Dos 44 jogadores que vão iniciar as duas finais continentais do fim de semana, os dois melhores vão se exibir no Maracanã. Após um bem realizado exercício de sabotagem do próprio produto, a Conmebol terminou por receber como prêmio uma decisão do tamanho de Brasil x Argentina, e um encontro entre Messi e Neymar.
Como se não bastassem a excessiva frequência do torneio, o regulamento, os gramados e o improviso de uma competição que encontrou abrigo no Brasil, a Copa América ainda lidou com o contraste com uma Eurocopa cuja embalagem emitia sensações opostas, dos ótimos campos aos estádios com gente. O resultado foi um grande pecado: colocar na sombra o futebol que Messi e Neymar jogaram nestas quase quatro semanas. Raras vezes os dois tiveram, por suas seleções, sequências de atuações tão notáveis.

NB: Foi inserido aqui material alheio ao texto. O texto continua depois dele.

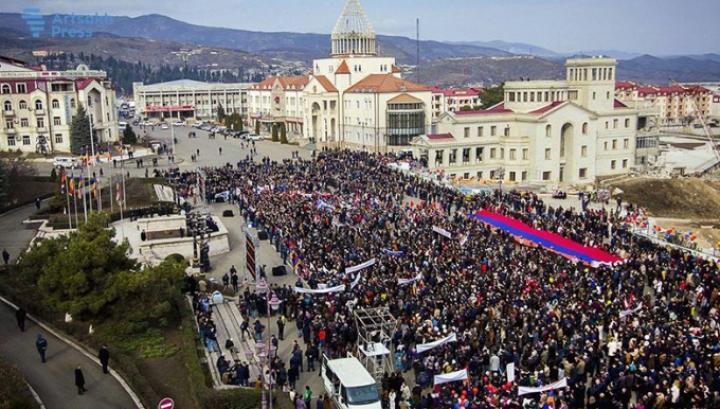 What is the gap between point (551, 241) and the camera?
90.7 ft

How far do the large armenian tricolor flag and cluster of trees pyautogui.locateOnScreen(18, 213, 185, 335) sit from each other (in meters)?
14.5

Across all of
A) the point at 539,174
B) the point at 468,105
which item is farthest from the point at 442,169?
the point at 468,105

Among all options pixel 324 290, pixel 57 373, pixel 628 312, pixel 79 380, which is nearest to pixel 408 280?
pixel 324 290

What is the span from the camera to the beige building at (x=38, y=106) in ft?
202

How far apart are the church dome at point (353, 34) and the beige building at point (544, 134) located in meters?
24.4

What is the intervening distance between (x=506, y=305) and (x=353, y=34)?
61.7m

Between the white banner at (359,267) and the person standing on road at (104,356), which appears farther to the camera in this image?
the white banner at (359,267)

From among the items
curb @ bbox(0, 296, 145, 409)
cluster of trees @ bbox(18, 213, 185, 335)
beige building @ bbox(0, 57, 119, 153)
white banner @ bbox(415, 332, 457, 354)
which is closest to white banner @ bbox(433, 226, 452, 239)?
white banner @ bbox(415, 332, 457, 354)

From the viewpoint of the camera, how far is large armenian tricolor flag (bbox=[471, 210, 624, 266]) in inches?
995

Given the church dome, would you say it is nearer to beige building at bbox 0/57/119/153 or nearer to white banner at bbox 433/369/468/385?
beige building at bbox 0/57/119/153

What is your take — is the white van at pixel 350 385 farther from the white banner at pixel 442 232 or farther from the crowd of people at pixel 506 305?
the white banner at pixel 442 232

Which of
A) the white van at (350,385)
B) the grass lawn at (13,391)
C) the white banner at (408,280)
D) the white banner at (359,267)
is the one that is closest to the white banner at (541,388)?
the white van at (350,385)

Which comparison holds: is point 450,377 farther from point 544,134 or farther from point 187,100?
point 187,100

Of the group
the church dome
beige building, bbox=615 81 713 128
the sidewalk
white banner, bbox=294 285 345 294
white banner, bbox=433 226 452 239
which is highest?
the church dome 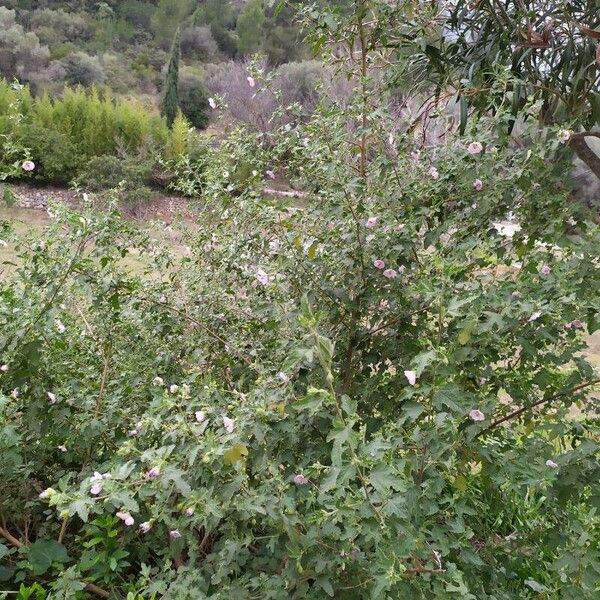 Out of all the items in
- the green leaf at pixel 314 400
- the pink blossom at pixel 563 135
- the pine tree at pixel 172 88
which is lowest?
the pine tree at pixel 172 88

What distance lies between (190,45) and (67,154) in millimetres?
12256

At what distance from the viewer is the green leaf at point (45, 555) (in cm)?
145

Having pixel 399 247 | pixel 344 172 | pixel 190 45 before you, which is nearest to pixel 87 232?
pixel 344 172

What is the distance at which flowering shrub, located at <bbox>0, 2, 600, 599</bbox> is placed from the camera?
42.1 inches

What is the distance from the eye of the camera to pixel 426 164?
163 cm

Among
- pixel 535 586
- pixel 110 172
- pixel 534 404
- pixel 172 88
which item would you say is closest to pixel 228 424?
pixel 534 404

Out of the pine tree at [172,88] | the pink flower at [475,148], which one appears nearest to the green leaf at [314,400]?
the pink flower at [475,148]

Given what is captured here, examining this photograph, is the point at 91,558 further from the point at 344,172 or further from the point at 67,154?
the point at 67,154

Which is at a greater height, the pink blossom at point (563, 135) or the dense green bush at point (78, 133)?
the pink blossom at point (563, 135)

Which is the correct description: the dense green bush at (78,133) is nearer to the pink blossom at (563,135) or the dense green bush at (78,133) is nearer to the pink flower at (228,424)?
the pink blossom at (563,135)

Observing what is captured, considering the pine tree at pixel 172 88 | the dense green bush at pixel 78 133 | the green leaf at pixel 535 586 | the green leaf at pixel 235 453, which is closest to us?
the green leaf at pixel 235 453

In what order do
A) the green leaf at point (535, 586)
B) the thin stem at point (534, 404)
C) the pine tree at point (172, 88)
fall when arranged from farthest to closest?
the pine tree at point (172, 88) < the green leaf at point (535, 586) < the thin stem at point (534, 404)

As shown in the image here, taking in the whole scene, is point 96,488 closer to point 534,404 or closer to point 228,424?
point 228,424

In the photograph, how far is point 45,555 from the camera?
1476 mm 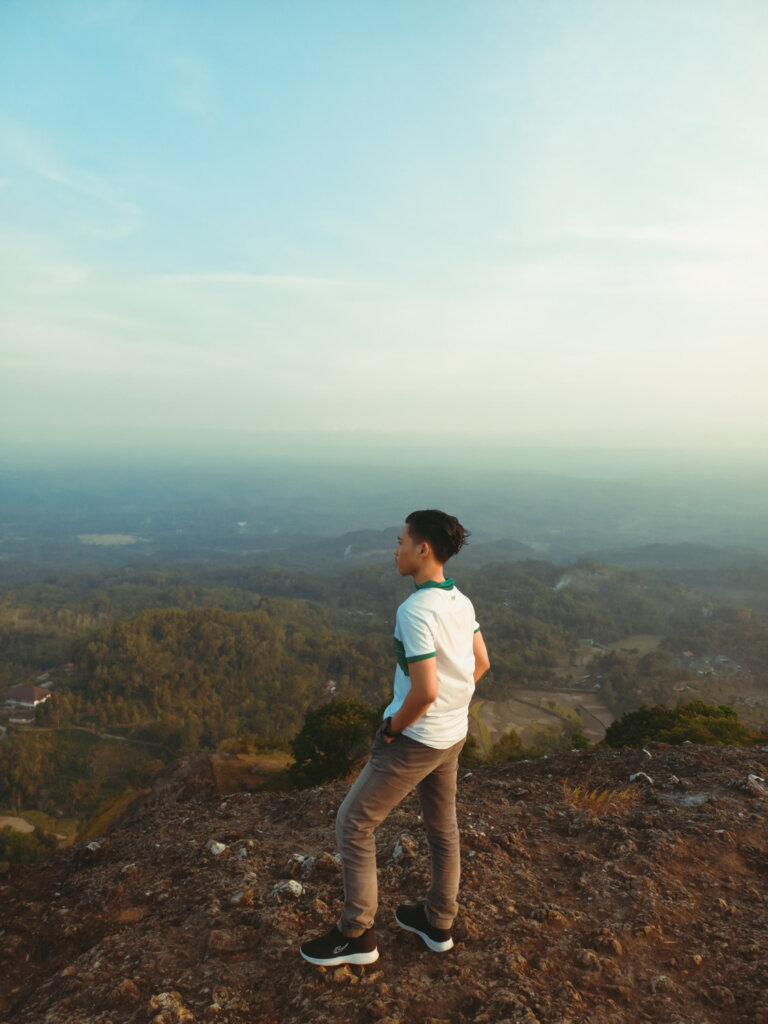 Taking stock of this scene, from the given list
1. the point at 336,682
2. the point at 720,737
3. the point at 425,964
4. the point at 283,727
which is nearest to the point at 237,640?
the point at 336,682

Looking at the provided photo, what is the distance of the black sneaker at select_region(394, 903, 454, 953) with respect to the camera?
2963 mm

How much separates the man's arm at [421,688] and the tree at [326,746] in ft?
26.5

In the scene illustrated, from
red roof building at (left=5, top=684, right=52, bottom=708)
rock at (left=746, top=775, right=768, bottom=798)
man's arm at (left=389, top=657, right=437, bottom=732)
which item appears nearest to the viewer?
man's arm at (left=389, top=657, right=437, bottom=732)

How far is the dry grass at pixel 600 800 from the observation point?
5.12 m

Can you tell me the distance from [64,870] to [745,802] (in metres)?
6.39

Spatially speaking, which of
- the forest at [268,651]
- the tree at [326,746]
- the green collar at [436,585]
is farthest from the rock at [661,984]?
the forest at [268,651]

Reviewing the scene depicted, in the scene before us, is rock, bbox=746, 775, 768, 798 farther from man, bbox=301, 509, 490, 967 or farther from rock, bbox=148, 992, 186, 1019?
rock, bbox=148, 992, 186, 1019

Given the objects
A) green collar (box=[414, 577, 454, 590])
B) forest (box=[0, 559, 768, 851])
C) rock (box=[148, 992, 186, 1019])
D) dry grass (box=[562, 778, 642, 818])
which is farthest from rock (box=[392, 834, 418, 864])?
forest (box=[0, 559, 768, 851])

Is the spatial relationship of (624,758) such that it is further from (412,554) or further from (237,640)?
(237,640)

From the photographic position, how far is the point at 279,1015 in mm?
2590

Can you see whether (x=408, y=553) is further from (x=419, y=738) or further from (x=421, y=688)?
(x=419, y=738)

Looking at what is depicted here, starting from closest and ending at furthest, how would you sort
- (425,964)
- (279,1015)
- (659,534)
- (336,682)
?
(279,1015)
(425,964)
(336,682)
(659,534)

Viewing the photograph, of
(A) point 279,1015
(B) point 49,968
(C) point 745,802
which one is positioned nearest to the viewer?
(A) point 279,1015

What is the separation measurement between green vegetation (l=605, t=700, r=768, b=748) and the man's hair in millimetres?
8370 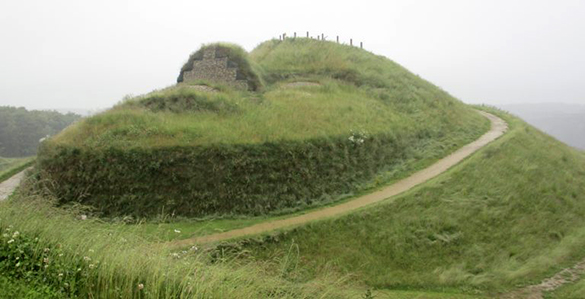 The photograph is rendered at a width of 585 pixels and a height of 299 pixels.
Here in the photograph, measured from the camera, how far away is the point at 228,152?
1276 centimetres

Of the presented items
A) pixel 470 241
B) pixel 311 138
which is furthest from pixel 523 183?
pixel 311 138

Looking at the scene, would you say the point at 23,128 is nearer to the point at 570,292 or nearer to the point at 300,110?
the point at 300,110

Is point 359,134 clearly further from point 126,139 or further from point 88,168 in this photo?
point 88,168

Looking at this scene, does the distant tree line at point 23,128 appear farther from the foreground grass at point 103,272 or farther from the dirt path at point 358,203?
the foreground grass at point 103,272

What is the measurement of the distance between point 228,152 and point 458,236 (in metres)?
7.43

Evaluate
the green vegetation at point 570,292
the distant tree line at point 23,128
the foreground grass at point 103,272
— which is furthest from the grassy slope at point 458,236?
the distant tree line at point 23,128

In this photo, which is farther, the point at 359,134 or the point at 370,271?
the point at 359,134

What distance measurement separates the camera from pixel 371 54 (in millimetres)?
28438

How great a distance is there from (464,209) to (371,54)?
1857cm

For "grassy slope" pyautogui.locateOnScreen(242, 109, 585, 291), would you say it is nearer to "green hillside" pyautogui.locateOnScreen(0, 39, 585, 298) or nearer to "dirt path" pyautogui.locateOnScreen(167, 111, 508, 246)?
"green hillside" pyautogui.locateOnScreen(0, 39, 585, 298)

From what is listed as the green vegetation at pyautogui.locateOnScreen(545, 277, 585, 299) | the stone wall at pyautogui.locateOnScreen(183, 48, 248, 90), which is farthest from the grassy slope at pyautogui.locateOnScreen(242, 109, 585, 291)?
the stone wall at pyautogui.locateOnScreen(183, 48, 248, 90)

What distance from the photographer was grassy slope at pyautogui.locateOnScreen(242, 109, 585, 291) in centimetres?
970

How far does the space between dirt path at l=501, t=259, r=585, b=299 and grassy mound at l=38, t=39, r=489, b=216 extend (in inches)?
236

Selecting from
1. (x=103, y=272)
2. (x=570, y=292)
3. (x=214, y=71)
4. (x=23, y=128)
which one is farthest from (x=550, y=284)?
(x=23, y=128) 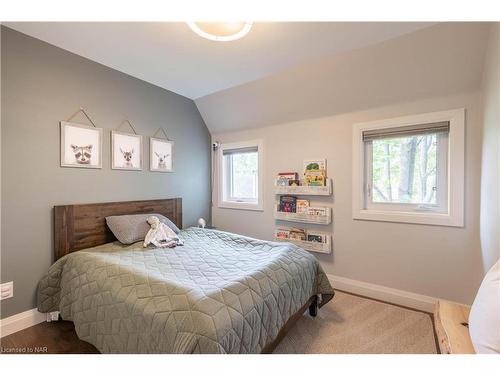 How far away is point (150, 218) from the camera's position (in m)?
2.43

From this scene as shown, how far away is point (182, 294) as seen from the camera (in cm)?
122

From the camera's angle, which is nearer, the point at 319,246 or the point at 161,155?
the point at 319,246

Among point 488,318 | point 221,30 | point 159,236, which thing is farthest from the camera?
point 159,236

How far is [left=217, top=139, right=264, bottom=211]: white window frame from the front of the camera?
3182 millimetres

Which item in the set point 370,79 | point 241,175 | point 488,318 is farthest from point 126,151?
point 488,318

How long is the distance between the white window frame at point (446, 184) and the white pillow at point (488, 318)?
126cm

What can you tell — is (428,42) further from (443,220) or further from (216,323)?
(216,323)

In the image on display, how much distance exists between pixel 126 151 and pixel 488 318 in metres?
2.95

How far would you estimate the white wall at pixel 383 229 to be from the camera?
1.95 metres

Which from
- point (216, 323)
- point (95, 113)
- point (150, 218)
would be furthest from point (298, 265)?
point (95, 113)

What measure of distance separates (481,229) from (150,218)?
301cm

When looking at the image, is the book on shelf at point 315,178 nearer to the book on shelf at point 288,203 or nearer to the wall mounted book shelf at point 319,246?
the book on shelf at point 288,203

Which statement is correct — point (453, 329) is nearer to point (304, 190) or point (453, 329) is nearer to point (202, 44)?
point (304, 190)

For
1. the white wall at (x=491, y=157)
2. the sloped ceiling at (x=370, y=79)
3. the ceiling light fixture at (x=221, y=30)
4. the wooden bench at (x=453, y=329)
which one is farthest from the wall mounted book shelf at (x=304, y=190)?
the ceiling light fixture at (x=221, y=30) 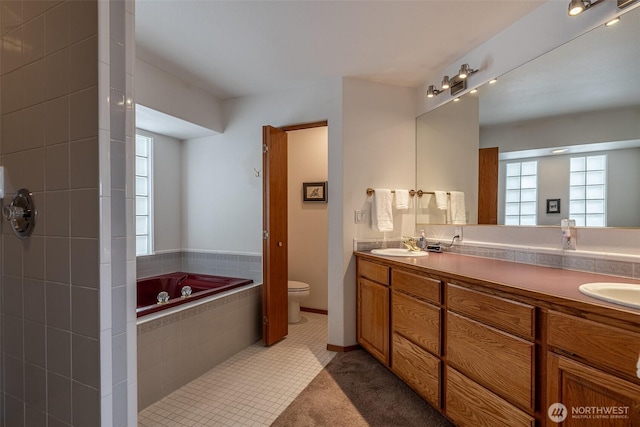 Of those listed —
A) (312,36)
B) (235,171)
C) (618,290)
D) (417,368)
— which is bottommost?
(417,368)

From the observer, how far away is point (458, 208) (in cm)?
249

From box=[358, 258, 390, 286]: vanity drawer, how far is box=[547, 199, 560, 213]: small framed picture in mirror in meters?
1.04

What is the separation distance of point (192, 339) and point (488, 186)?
2388 millimetres

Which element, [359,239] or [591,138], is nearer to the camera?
[591,138]

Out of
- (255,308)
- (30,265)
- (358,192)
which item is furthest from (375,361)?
(30,265)

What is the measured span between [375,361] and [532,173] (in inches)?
68.7

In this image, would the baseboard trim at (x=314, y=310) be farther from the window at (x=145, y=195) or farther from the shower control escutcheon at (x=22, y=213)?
the shower control escutcheon at (x=22, y=213)

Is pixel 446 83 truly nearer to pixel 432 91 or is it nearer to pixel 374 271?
pixel 432 91

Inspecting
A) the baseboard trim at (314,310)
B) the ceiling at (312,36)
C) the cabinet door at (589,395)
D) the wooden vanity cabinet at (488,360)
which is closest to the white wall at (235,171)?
the ceiling at (312,36)

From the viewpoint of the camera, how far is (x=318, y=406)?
1840 millimetres

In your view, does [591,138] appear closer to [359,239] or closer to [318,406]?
[359,239]

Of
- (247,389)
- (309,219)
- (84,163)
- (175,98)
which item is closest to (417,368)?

Neymar, por seus equívocos e pelas distorções naturais do julgamento humano, cultivou um personagem que turva a avaliação do jogador. Uma fratura na costela o afastou de uma Copa do Mundo em que era espetacular aos 22 anos, um pé quebrado o impediu de jogar na plenitude quatro anos depois e, em 2019, o tirou também da Copa América vencida em casa. Neymar foi protagonista de conquistas da seleção neste mesmo Maracanã, mas ainda persiste a sensação de estar em dívida, como num permanente embate entre o jogador e o personagem. Talvez vencer a Copa América não baste para redimi-lo, mas não é difícil prever que uma derrota seria debitada em sua conta pessoal.
Há quase 15 anos, Messi produz peças magistrais de futebol em bases quase semanais: banalizou o extraordinário como poucos na história do jogo. Mas sua obra se construiu em plena contagem dos anos de jejum da seleção argentina. Num país que vive a paixão e o resultadismo em doses tão irracionais quanto o Brasil, foi como se toda a seca de troféus do futebol argentino fosse obra de Messi, assim como a responsabilidade de solucioná-la. As frustrações deram margem às narrativas mais tolas, como a tese de que a carreira construída na Europa o deixara insensível aos anseios nacionais. Hoje, aos 34 anos, um dos maiores jogadores de futebol da história vive uma espécie de corrida contra o tempo, como se cada final pela Argentina fosse uma última chance, uma oportunidade talvez irrepetível. É como se o jogador seis vezes eleito melhor do mundo, ganhador de três ligas dos campeões e de uma interminável lista de troféus, jogasse nos 90 minutos de amanhã, no Maracanã, algo além de uma decisão de Copa América, mas uma decisão em torno do seu legado no país onde nasceu: se será lembrado como o supercraque que venceu ou o que falhou. É cruel, mas o futebol e a vida por vezes o são.
Uma Copa América cercada pela insensatez, terminou por ser salva por Brasil, Argentina, Neymar e Messi.